Query to find a boolean boundary within the data

I am collecting environmental data from my hen house and storing it locally in a table. Updates occur every minute. In addition to temperature, etc, one of the data streams I am monitoring is the state of the chicken door on the hen house, i.e. whether it is open or closed. In the table, I am using a boolean (tinyint) for the data open = 1 and closed = 0. There is also a timestamp column that defaults to CURRENT_TIMESTAMP when a new row is inserted.

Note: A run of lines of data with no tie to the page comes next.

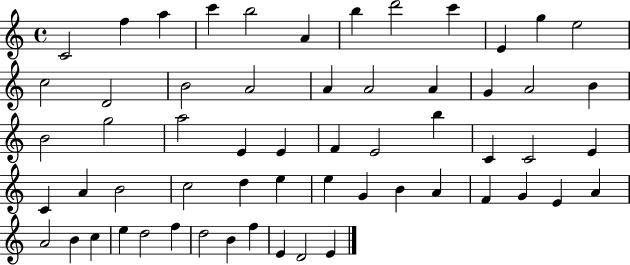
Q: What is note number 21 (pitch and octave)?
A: A4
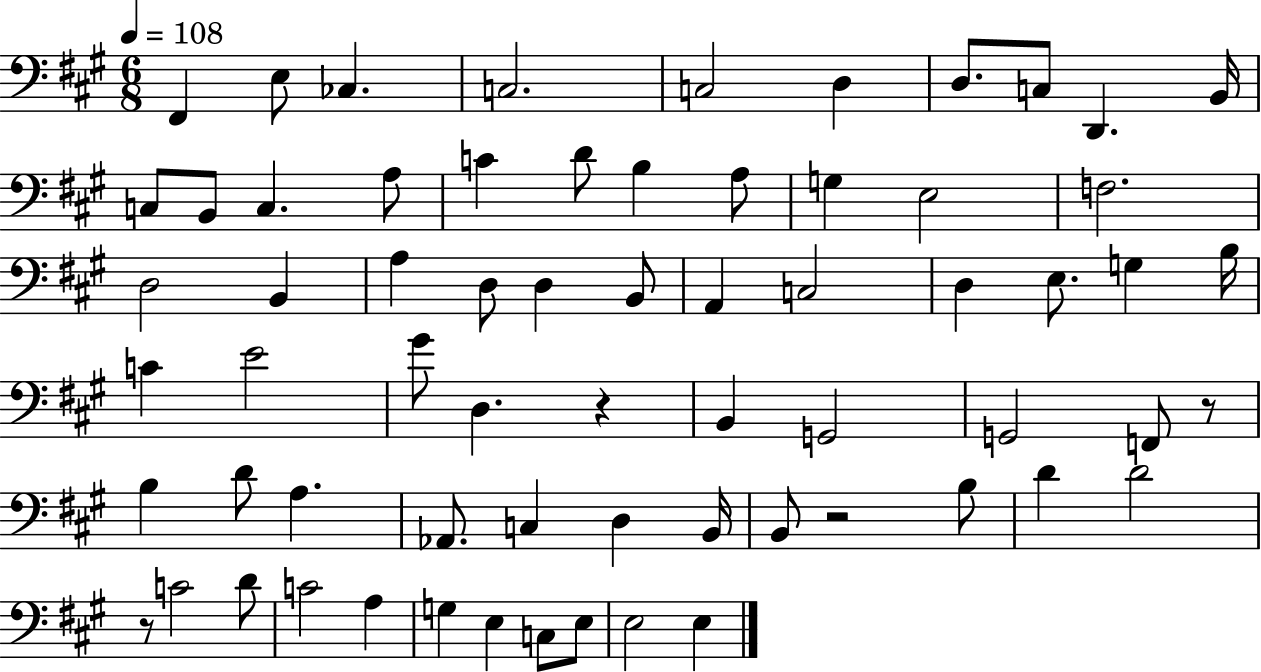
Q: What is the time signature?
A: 6/8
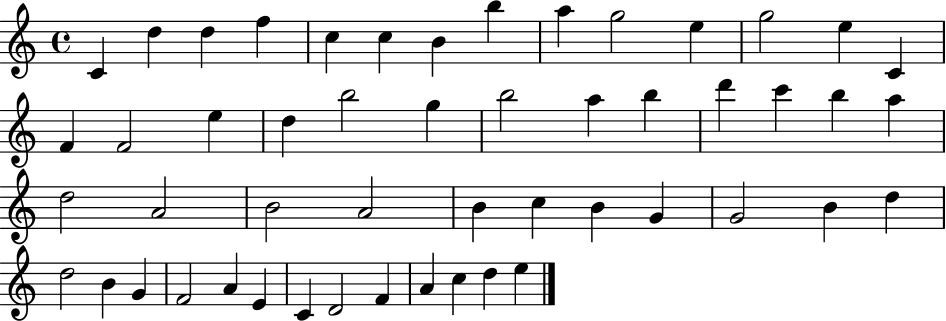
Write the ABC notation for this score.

X:1
T:Untitled
M:4/4
L:1/4
K:C
C d d f c c B b a g2 e g2 e C F F2 e d b2 g b2 a b d' c' b a d2 A2 B2 A2 B c B G G2 B d d2 B G F2 A E C D2 F A c d e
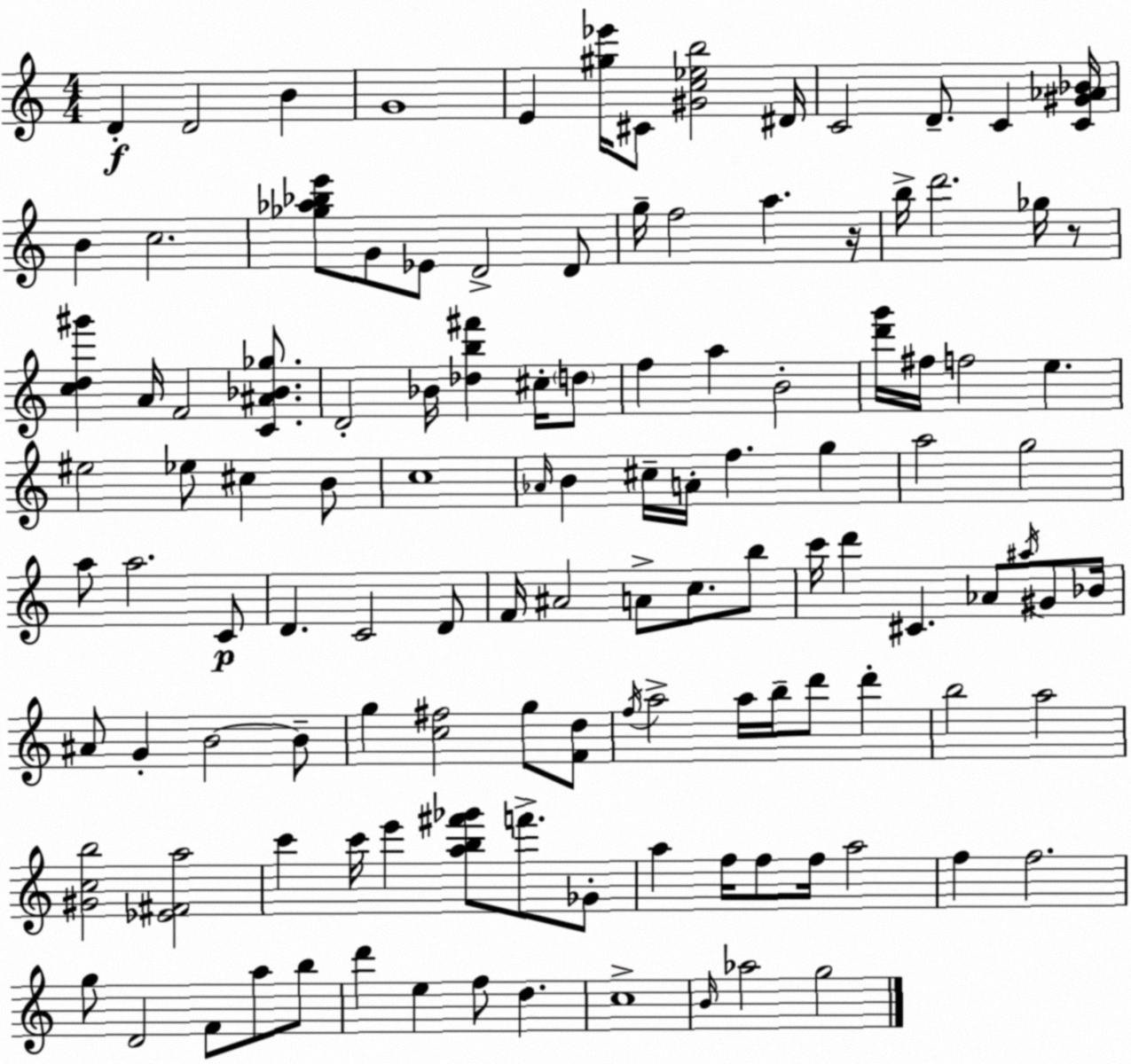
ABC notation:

X:1
T:Untitled
M:4/4
L:1/4
K:Am
D D2 B G4 E [^g_e']/4 ^C/2 [^Gc_eb]2 ^D/4 C2 D/2 C [C^G_A_B]/4 B c2 [_g_a_be']/2 G/2 _E/2 D2 D/2 g/4 f2 a z/4 b/4 d'2 _g/4 z/2 [cd^g'] A/4 F2 [C^A_B_g]/2 D2 _B/4 [_db^f'] ^c/4 d/2 f a B2 [d'g']/4 ^f/4 f2 e ^e2 _e/2 ^c B/2 c4 _A/4 B ^c/4 A/4 f g a2 g2 a/2 a2 C/2 D C2 D/2 F/4 ^A2 A/2 c/2 b/2 c'/4 d' ^C _A/2 ^a/4 ^G/2 _B/4 ^A/2 G B2 B/2 g [c^f]2 g/2 [Fd]/2 f/4 a2 a/4 b/4 d'/2 d' b2 a2 [^Gcb]2 [_E^Fa]2 c' c'/4 e' [ab^f'_g']/2 f'/2 _G/2 a f/4 f/2 f/4 a2 f f2 g/2 D2 F/2 a/2 b/2 d' e f/2 d c4 B/4 _a2 g2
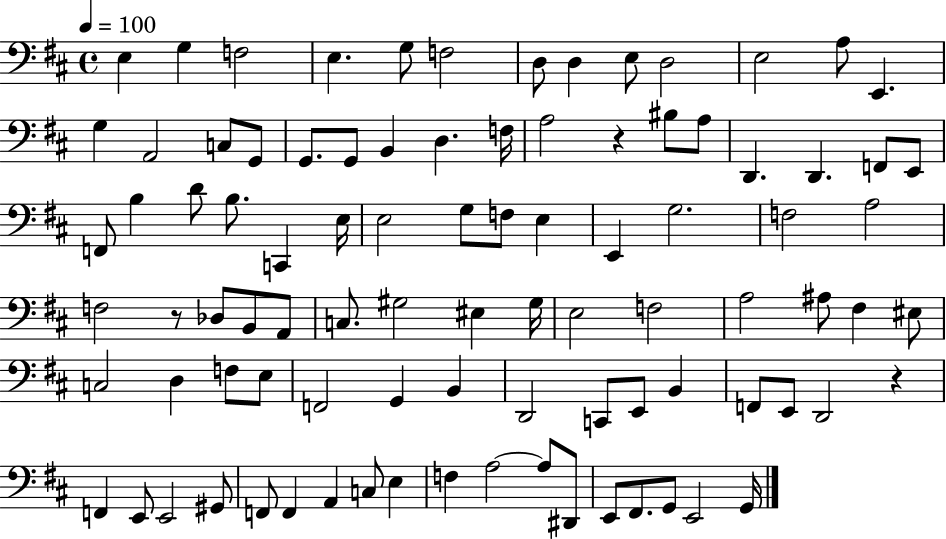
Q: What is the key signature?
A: D major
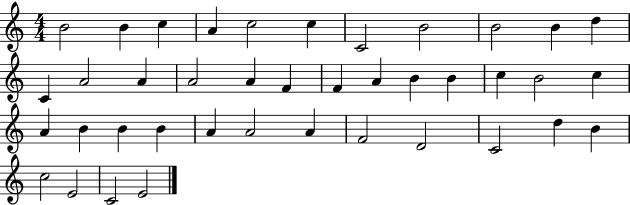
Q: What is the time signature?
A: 4/4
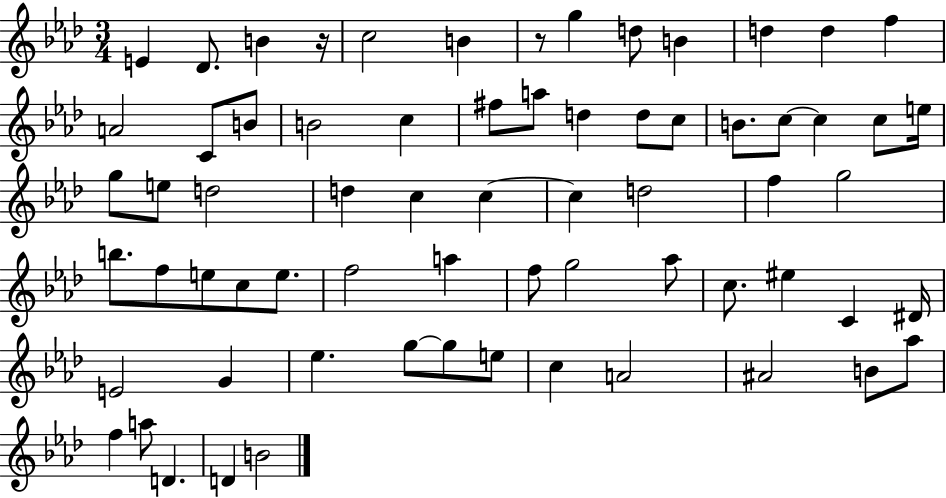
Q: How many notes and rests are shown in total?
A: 68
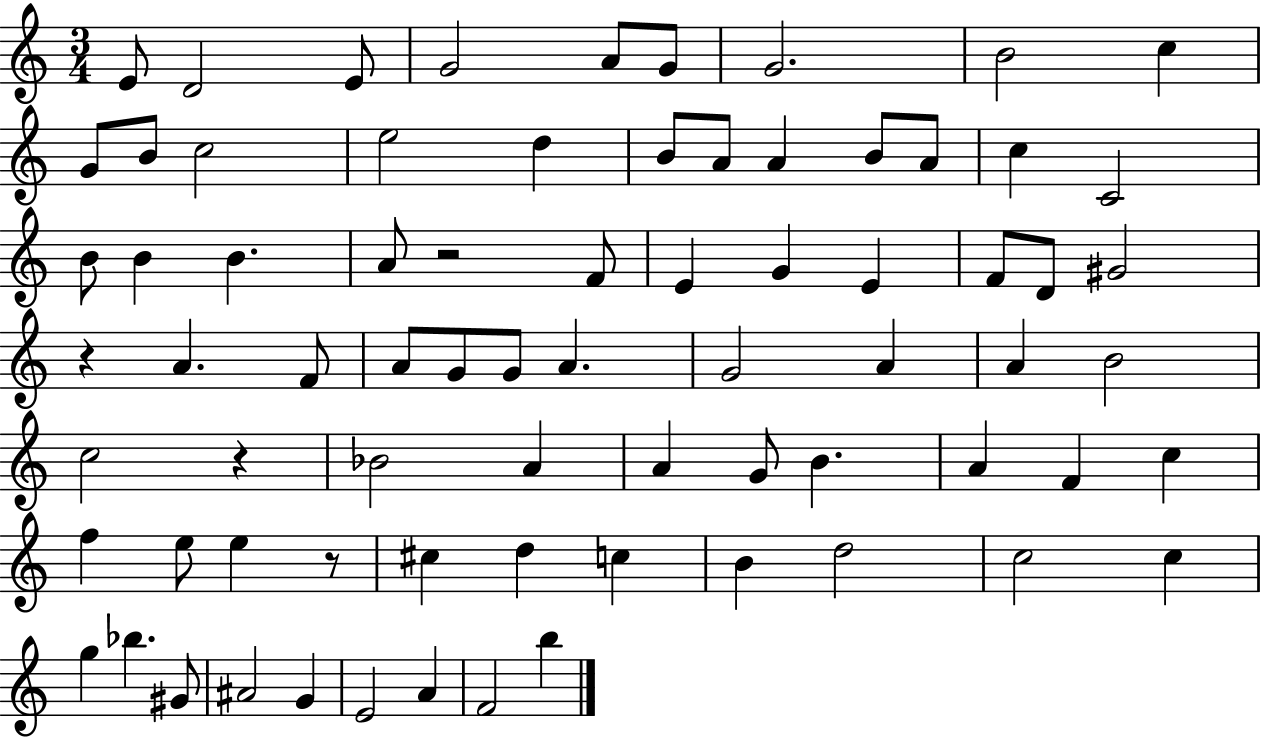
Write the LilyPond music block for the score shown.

{
  \clef treble
  \numericTimeSignature
  \time 3/4
  \key c \major
  e'8 d'2 e'8 | g'2 a'8 g'8 | g'2. | b'2 c''4 | \break g'8 b'8 c''2 | e''2 d''4 | b'8 a'8 a'4 b'8 a'8 | c''4 c'2 | \break b'8 b'4 b'4. | a'8 r2 f'8 | e'4 g'4 e'4 | f'8 d'8 gis'2 | \break r4 a'4. f'8 | a'8 g'8 g'8 a'4. | g'2 a'4 | a'4 b'2 | \break c''2 r4 | bes'2 a'4 | a'4 g'8 b'4. | a'4 f'4 c''4 | \break f''4 e''8 e''4 r8 | cis''4 d''4 c''4 | b'4 d''2 | c''2 c''4 | \break g''4 bes''4. gis'8 | ais'2 g'4 | e'2 a'4 | f'2 b''4 | \break \bar "|."
}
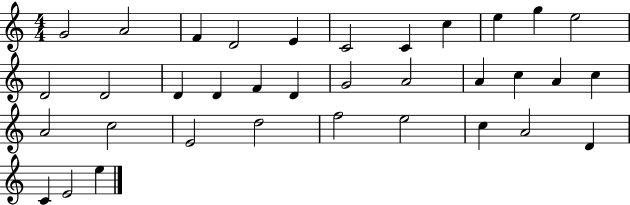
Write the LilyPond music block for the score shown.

{
  \clef treble
  \numericTimeSignature
  \time 4/4
  \key c \major
  g'2 a'2 | f'4 d'2 e'4 | c'2 c'4 c''4 | e''4 g''4 e''2 | \break d'2 d'2 | d'4 d'4 f'4 d'4 | g'2 a'2 | a'4 c''4 a'4 c''4 | \break a'2 c''2 | e'2 d''2 | f''2 e''2 | c''4 a'2 d'4 | \break c'4 e'2 e''4 | \bar "|."
}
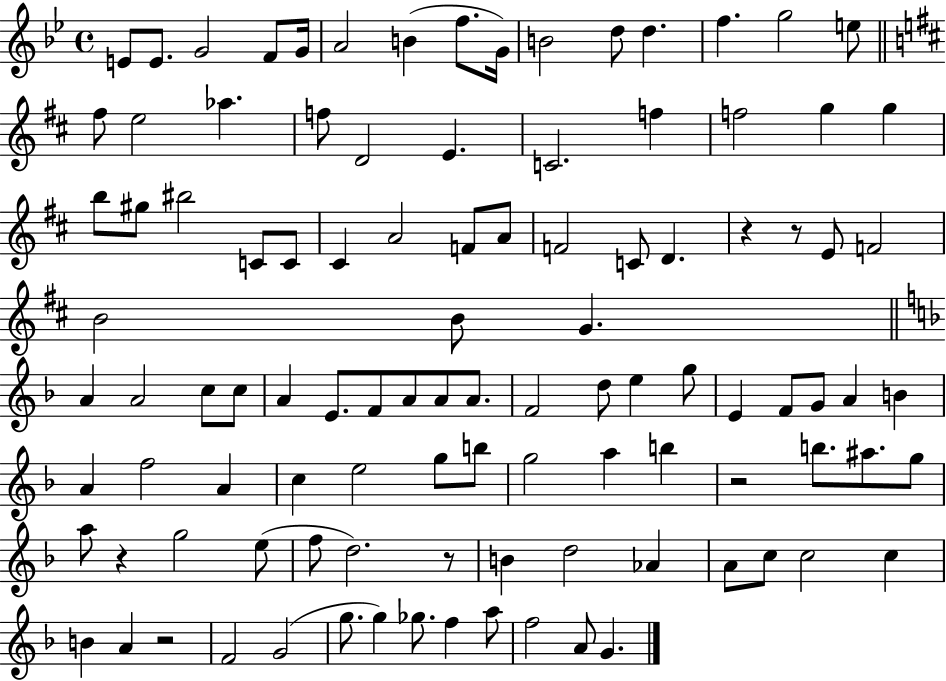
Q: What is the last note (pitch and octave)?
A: G4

CREATE TABLE IF NOT EXISTS `coop_data` (
  `id` int(11) NOT NULL AUTO_INCREMENT,
  `inside_temp` float DEFAULT '0',
  `photocell_voltage` float NOT NULL DEFAULT '0',
  `door_is_open` tinyint(1) NOT NULL,
  `calling_for_heat` tinyint(1) NOT NULL,
  `calling_for_ac` tinyint(1) NOT NULL,
  `added` timestamp NOT NULL DEFAULT CURRENT_TIMESTAMP,
  PRIMARY KEY (`id`)
) ENGINE=InnoDB  DEFAULT CHARSET=utf8 COLLATE=utf8_bin;


I would like to be able to find the point where the data for the door changes state, for example:


// col door_is_open
0
0
0
0
0
1 <-- want to find this point
1
1
1
1
1
...
1
1
1
1
1
1
0 <-- and this one
0
0
0
0

Of course, this boundary will occur twice a day, open in the morning, close in the evening. The data will display on my website. I am not new to writing sql, but I’ve never had to deal with this type of a query before. Any suggestions on a query that would find these two points for any given day?

I am sure that I probably need a BETWEEN on there on the added column,


select id, door_is_open as state, added from coop_data where added between ('2012-01-19 00:00:00' and '2012-01-19 23:59:59') and

and that’s as far as I got. Any suggestions?

try this (untested) –

SELECT t.id
     , t.door_is_open AS state
     , t.added 
  FROM coop_data AS t 
 WHERE t.added >= '2012-01-19' 
   AND t.added  < '2012-01-20' 
   AND t.door_is_open <>
       ( SELECT door_is_open
           FROM coop_data
          WHERE added =
                ( SELECT MAX(added)
                    FROM coop_data
                   WHERE added < t.added ) )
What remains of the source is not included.